Barbazul (contraction de Barba Azul, Barbe bleue en espagnol) est interprété par un Jac Avila terrifiant à souhait, mélange de Landru par son côté séducteur (charmant ses proies) et d’Albert DeSalvo (l’étrangleur de Boston qui tua une douzaine de femmes durant les années 1962/1964). Il parvient à donner du corps à un être somme toute médiocre, et dont la vie est axée sur certaines habitudes. Une routine telle qu’il utilise toujours le même mode opératoire lorsqu’il séduit une femme. Celle-ci doit être avant tout soumise à ses désirs, généralement d’ordre sexuel, où Barbazul montre un goût prononcé pour le sadomasochisme. Il finit inexorablement par étrangler sa victime dès lors qu’il est contrarié par celle-ci. Cela peut aller de la simple divergence d’opinion au refus d’obéir. Barbazul est un maniaque sexuel dont les déviances paraissent n’avoir aucune limite, allant jusqu’à s’adonner parfois à la nécrophilie.

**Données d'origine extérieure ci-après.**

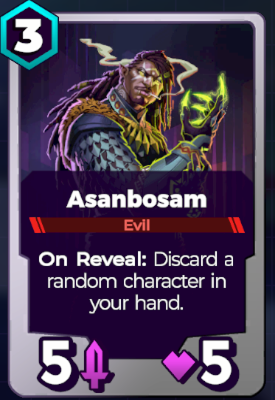 Asanbosam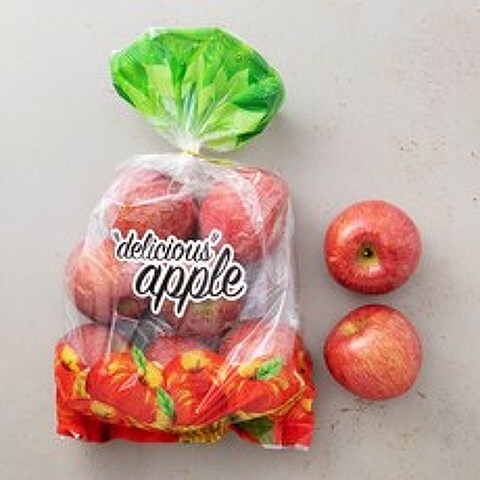경북농협 문경 당도선별 사과, 1.5kg(6~9입), 1봉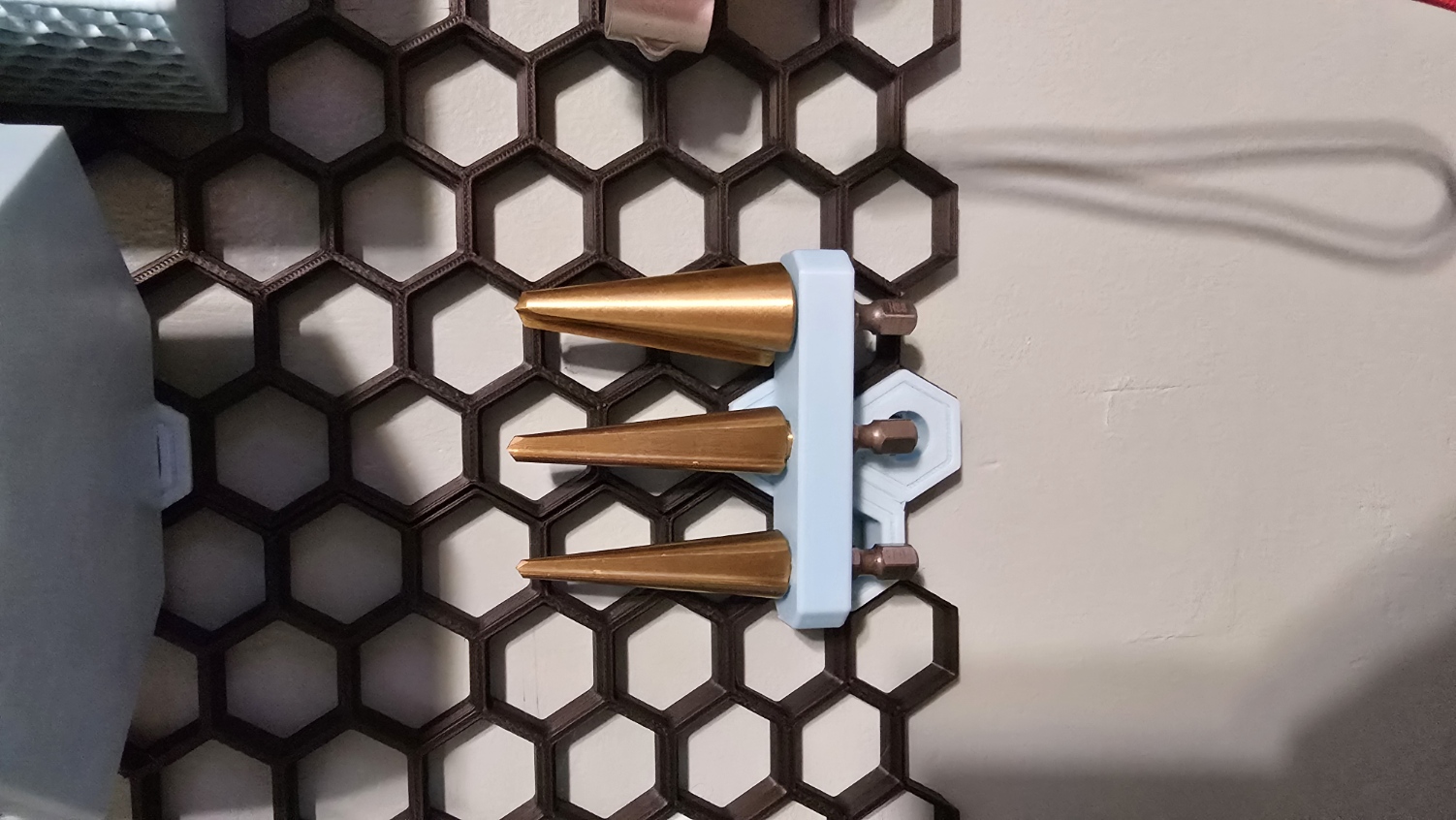 HSW Drill Bit Holder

Dans la forme, le film est structuré sur l’alternance entre le temps présent, avec le personnage de Soledad en tant que dernière « conquête » de Barbazul, et le flashback, lorsque Soledad découvre le journal intime de son amant et apprend ce qui est arrivé aux anciennes maîtresses de Barbazul. Le spectateur suit alors chacune des victimes du tueur en série, depuis la première rencontre jusqu’à la mise à mort.
Les actrices de BARBAZUL font preuve, dans l’ensemble, d’un grand sens du réalisme lorsqu’elles subissent le châtiment suprême de la part de leur tortionnaire. Les meurtres, qui s’apparentent à de longues agonies, semblent si réels que le spectateur ne peut s’empêcher de ressentir un sentiment de malaise. Belles performances, donc, de la part de Mila Joya, Veronica Paintoux et Amy Hesketh dans les passages concernés, qui suivent en règle générale une scène érotique. Il est évident qu’Amy Hesketh s’est attachée à décrire (avec efficacité) les liens étroits entre Eros et Thanatos, couple indissociable que tout oppose et pourtant réunit, et qui s’avère être un sujet très prisé dans les arts depuis plusieurs siècles.
La mort et l’érotisme sont donc deux piliers de cette œuvre dans laquelle Amy Hesketh fait preuve d’une grande maturité malgré son jeune âge. On a hâte de découvrir son quatrième long métrage (en post-production à l’heure où cette chronique est rédigée), OLALLA, d’après une nouvelle de Robert-Louis Stevenson publiée en 1885, et où il est question d’une famille de vampires.
Après avoir adapté Barbe bleue et le Marquis de Sade (avec LE MARQUIS DE LA CROIX), Amy Hesketh puise à nouveau son inspiration à travers la littérature classique, et, tout comme Jac Avila avec DEAD BUT DREAMING (tourné en 2013), aborde à son tour le thème du vampirisme. Décidément, voilà un duo qui n’a pas fini de nous surprendre. La Bolivie serait-elle la nouvelle terre d’asile du cinéma indépendant ? Au vu des résultats de Pachamama Films ces dernières années… oui, à n’en pas douter.